Gwaii Haanas stands apart from those places, however, because it is the world’s only example of a national park that is, under law, equally co-managed by both a post-colonial government (Canada) and the native people who have always lived there (the Haida Nation). The park is also a leader in sustainable tourism—all visitors must acquire a trip permit, which involves a ninety-minute orientation session covering safety protocol, leave-no-trace principles, and cultural sensitivity.

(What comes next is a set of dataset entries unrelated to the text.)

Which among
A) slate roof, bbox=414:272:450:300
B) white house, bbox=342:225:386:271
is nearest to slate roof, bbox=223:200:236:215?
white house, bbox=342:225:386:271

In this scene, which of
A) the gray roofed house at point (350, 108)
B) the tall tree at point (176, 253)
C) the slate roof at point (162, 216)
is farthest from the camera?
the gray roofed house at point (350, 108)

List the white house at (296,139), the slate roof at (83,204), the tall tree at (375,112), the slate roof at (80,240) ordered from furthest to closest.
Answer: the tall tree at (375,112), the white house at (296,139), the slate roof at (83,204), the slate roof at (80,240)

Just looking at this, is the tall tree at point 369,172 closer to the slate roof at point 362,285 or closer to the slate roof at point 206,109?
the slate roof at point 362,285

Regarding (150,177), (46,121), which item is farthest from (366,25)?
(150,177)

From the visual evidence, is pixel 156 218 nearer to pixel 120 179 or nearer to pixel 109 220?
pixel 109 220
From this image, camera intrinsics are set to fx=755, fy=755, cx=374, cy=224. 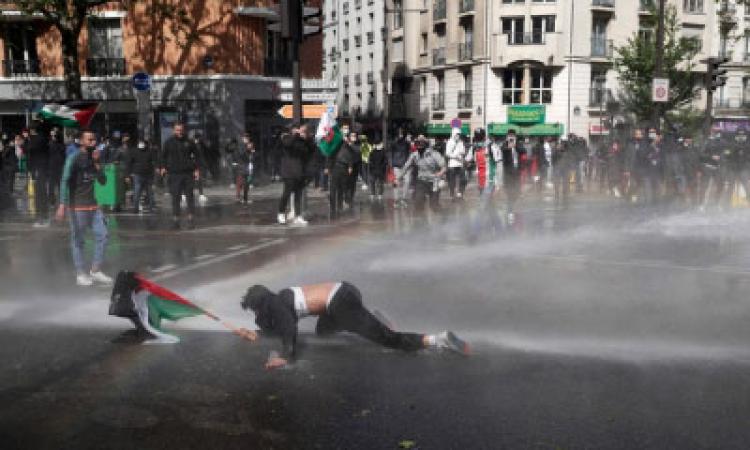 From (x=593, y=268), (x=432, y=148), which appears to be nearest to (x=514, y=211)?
(x=432, y=148)

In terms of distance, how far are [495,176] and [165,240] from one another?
7.62m

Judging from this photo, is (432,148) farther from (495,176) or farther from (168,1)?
(168,1)

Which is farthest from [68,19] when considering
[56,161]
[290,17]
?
[290,17]

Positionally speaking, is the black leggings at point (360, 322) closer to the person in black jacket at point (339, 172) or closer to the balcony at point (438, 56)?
the person in black jacket at point (339, 172)

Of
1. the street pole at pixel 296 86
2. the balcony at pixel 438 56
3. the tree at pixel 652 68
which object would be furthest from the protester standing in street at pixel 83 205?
the balcony at pixel 438 56

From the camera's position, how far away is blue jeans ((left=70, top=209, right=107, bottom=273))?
8156 millimetres

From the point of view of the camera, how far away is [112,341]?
19.3 ft

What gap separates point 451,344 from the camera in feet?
17.5

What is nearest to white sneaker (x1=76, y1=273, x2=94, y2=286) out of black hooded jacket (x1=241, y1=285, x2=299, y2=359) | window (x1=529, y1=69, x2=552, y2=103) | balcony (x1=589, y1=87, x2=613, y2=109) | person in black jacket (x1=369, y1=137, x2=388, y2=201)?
black hooded jacket (x1=241, y1=285, x2=299, y2=359)

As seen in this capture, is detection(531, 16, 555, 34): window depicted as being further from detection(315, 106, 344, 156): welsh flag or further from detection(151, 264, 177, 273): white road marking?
detection(151, 264, 177, 273): white road marking

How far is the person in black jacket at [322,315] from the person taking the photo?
5.14 meters

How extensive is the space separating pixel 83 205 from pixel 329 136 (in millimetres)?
6765

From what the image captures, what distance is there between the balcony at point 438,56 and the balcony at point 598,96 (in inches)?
376

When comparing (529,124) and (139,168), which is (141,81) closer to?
(139,168)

If the distance and the effort involved seem overwhelming, trust us—it’s worth it. Haida Gwaii is a snapshot of the unchecked power of nature, and a testament to the bravery of the humans who inhabited the area over the millennia.
When To Go
The best time to visit is roughly June to mid-September. While there will be sunny, fresh days well into the 50s and 60s, it’s not uncommon to have high winds and long overcast spells. As my guide Courtney—an exceedingly polite Canadian—told me, gently: “You wouldn’t really want to be here in October.”
What To Pack
The weather on Haida Gwaii is extraordinarily unpredictable, so you’ll want to bring plenty of reliable layers and waterproof rain gear. I picked up a fetching orange raincoat from R.E.I. that did the trick, and also wore my go-to Gore-Tex snow pants from Burton to keep my legs dry during shore excursions.
How To Get There
Pacific Coast Airlines and Air Canada offer regular propeller plane service to the very, very small airports in Skidegate and Masset. There is also a cheaper—albeit much longer—ferry service from Prince Rupert, B.C.
There are plenty of opportunities to hike and camp on your own, but to venture into Gwaii Haanas and visit all the most impactful and moving Haida Heritage sites which are accessible only by (treacherous) waters, you’ll want to sign up for a guided expedition. There are only a handful of vessels licensed to bring guests into the park, but the most comfortable and comprehensive service is Maple Leaf Adventures. The company’s new ferry-grade Cascadia catamaran provides a surprisingly stable ride through the notoriously choppy Hecate Strait, and is currently the only ship of its class bringing guests into Gwaii Haanas. They also offer a similar Haida Gwaii itinerary aboard the Maple Leaf, a classic 92-foot sailing schooner—should you really want to get your Arya Stark on.